### TASK PROMPT
From the line containing "330 N Blue Wave" down to the last line of the listing, quote everything word for word, and nothing else, keeping pictures out.

### SOURCE MATERIAL
====

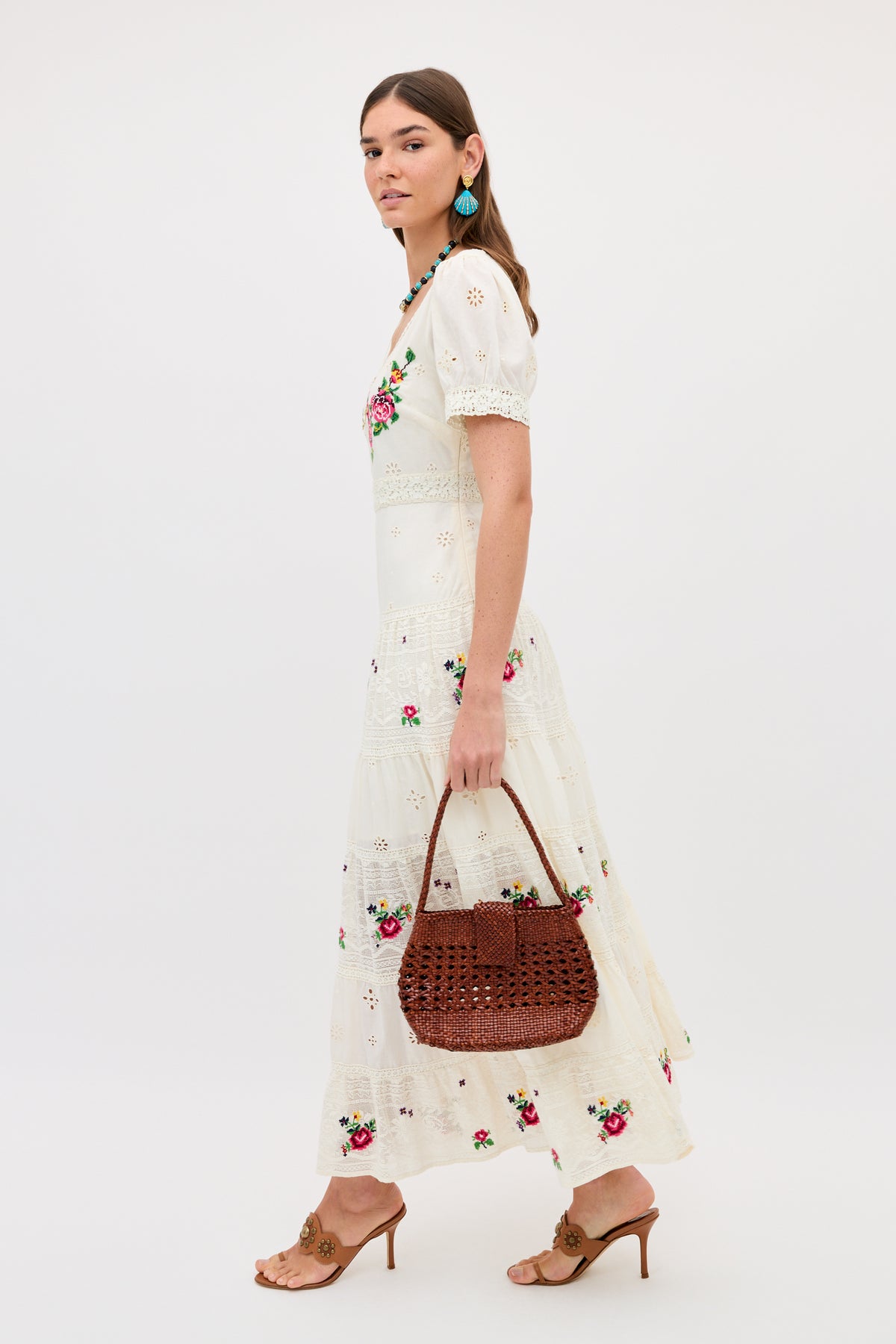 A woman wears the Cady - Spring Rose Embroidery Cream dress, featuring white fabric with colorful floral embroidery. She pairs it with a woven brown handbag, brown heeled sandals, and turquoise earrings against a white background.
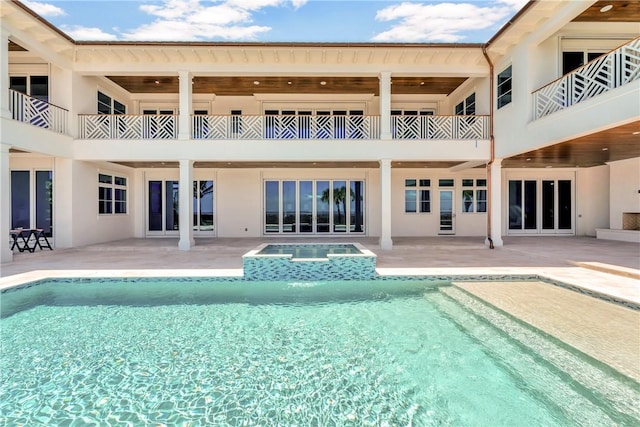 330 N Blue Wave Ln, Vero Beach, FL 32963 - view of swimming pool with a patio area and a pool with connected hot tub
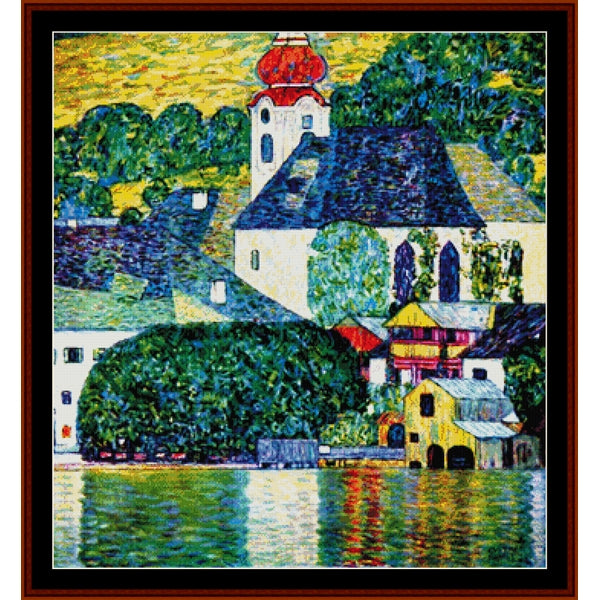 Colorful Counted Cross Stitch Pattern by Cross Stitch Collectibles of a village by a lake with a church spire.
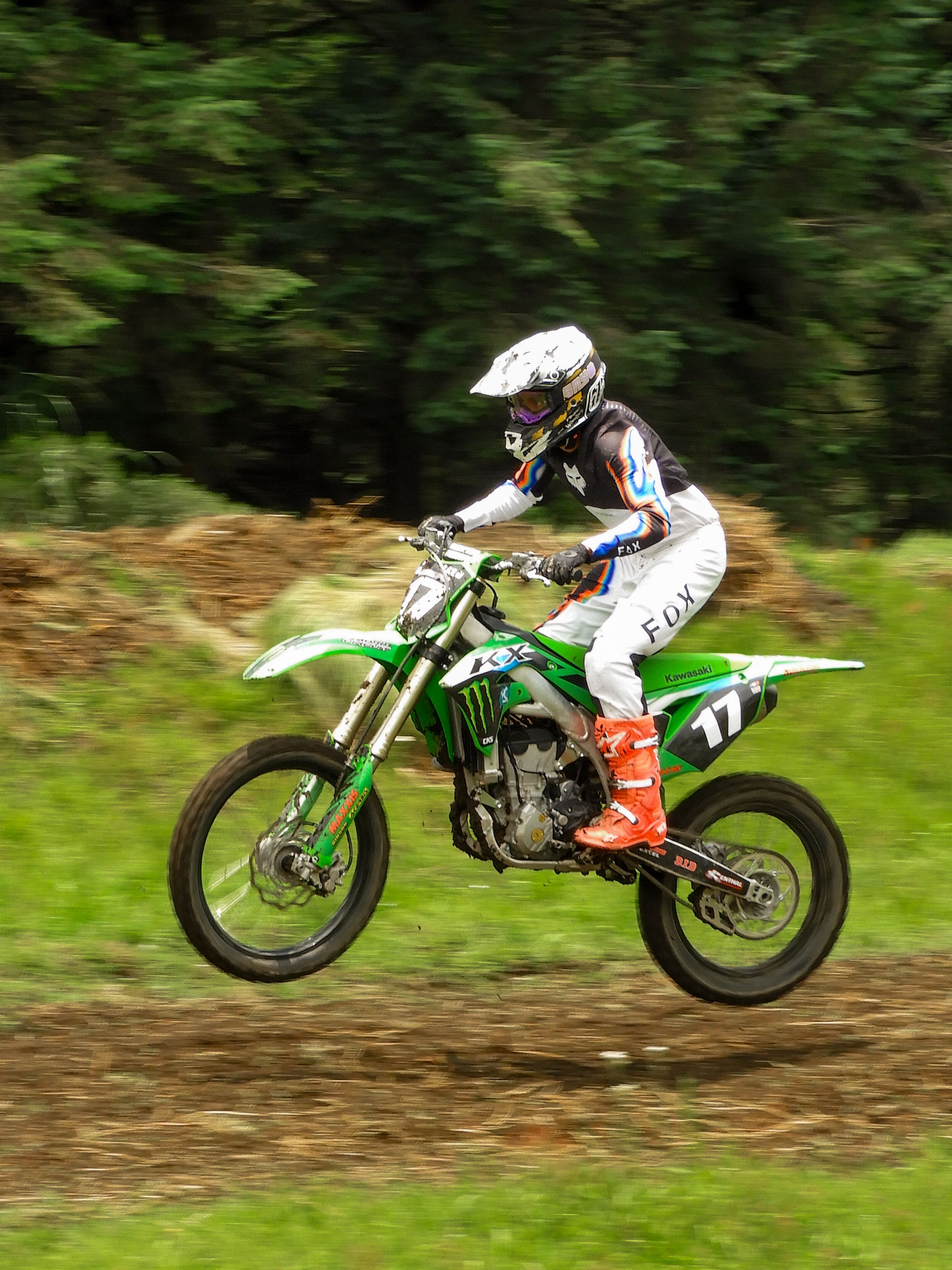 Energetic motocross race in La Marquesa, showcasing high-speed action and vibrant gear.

====

### RESULT FOR THIS TASK
 330 N Blue Wave Ln, Vero Beach, FL 32963 - view of swimming pool with a patio area and a pool with connected hot tub
 Colorful Counted Cross Stitch Pattern by Cross Stitch Collectibles of a village by a lake with a church spire.
 Energetic motocross race in La Marquesa, showcasing high-speed action and vibrant gear.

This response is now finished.